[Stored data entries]

========================

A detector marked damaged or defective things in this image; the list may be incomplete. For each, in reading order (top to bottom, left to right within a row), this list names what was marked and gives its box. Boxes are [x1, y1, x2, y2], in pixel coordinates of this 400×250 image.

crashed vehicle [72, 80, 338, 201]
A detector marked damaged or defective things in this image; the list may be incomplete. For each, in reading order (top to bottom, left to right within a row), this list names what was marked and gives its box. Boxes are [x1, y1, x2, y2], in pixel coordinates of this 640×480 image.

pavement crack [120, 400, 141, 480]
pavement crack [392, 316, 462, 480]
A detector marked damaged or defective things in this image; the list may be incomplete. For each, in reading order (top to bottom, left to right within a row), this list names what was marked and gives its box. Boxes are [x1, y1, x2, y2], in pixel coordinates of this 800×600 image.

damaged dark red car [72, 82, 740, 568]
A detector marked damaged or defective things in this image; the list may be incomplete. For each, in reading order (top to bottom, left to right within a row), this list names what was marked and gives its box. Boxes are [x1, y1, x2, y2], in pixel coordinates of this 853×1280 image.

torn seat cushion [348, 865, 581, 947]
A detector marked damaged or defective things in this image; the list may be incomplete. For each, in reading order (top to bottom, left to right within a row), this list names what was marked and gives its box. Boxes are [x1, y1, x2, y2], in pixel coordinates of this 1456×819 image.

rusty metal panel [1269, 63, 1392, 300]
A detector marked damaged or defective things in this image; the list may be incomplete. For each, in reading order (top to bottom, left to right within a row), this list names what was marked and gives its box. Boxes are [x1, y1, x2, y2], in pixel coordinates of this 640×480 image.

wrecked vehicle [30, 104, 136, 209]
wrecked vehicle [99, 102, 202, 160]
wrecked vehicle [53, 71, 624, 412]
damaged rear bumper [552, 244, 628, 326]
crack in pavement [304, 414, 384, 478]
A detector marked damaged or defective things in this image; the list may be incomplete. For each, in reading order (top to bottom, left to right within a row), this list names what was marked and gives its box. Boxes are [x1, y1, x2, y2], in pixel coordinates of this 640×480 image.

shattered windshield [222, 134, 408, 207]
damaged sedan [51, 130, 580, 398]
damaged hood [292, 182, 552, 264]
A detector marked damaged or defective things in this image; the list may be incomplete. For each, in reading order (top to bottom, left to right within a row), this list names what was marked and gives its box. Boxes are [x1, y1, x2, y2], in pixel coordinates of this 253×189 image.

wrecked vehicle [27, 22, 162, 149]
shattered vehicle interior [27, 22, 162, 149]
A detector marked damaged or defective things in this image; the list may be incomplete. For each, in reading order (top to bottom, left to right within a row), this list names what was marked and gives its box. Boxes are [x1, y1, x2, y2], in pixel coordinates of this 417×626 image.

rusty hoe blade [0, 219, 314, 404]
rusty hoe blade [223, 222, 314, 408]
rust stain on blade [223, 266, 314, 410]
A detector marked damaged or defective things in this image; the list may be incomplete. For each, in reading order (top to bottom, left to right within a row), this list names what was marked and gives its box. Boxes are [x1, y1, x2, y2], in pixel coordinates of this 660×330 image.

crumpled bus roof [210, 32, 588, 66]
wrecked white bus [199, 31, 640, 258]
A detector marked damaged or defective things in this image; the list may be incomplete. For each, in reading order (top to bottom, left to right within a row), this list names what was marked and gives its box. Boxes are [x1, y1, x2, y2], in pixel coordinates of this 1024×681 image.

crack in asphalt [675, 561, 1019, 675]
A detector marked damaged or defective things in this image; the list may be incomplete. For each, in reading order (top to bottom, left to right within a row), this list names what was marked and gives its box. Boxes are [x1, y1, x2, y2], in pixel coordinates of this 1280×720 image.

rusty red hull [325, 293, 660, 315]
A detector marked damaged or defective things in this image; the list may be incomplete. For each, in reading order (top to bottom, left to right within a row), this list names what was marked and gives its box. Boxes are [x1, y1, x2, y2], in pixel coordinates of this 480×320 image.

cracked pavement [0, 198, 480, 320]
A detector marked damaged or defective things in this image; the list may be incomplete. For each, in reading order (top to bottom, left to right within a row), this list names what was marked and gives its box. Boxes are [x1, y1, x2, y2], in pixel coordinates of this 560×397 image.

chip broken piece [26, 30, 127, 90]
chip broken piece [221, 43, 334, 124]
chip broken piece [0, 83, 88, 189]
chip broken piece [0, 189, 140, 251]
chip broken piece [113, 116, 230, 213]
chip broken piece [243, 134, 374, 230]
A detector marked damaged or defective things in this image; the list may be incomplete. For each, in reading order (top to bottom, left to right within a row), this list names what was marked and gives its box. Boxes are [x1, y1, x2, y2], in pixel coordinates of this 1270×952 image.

========================

Problem description:
Only the lines from the one with "this 560×397 image." through the last line above should be restated, word for word.

Output for this exercise:
A detector marked damaged or defective things in this image; the list may be incomplete. For each, in reading order (top to bottom, left to right within a row), this list names what was marked and gives its box. Boxes are [x1, y1, x2, y2], in pixel coordinates of this 560×397 image.

chip broken piece [26, 30, 127, 90]
chip broken piece [221, 43, 334, 124]
chip broken piece [0, 83, 88, 189]
chip broken piece [0, 189, 140, 251]
chip broken piece [113, 116, 230, 213]
chip broken piece [243, 134, 374, 230]
A detector marked damaged or defective things in this image; the list may be incomplete. For each, in reading order (top to bottom, left to right within a row), this list names what was marked and gives its box. Boxes are [x1, y1, x2, y2], in pixel coordinates of this 1270×952 image.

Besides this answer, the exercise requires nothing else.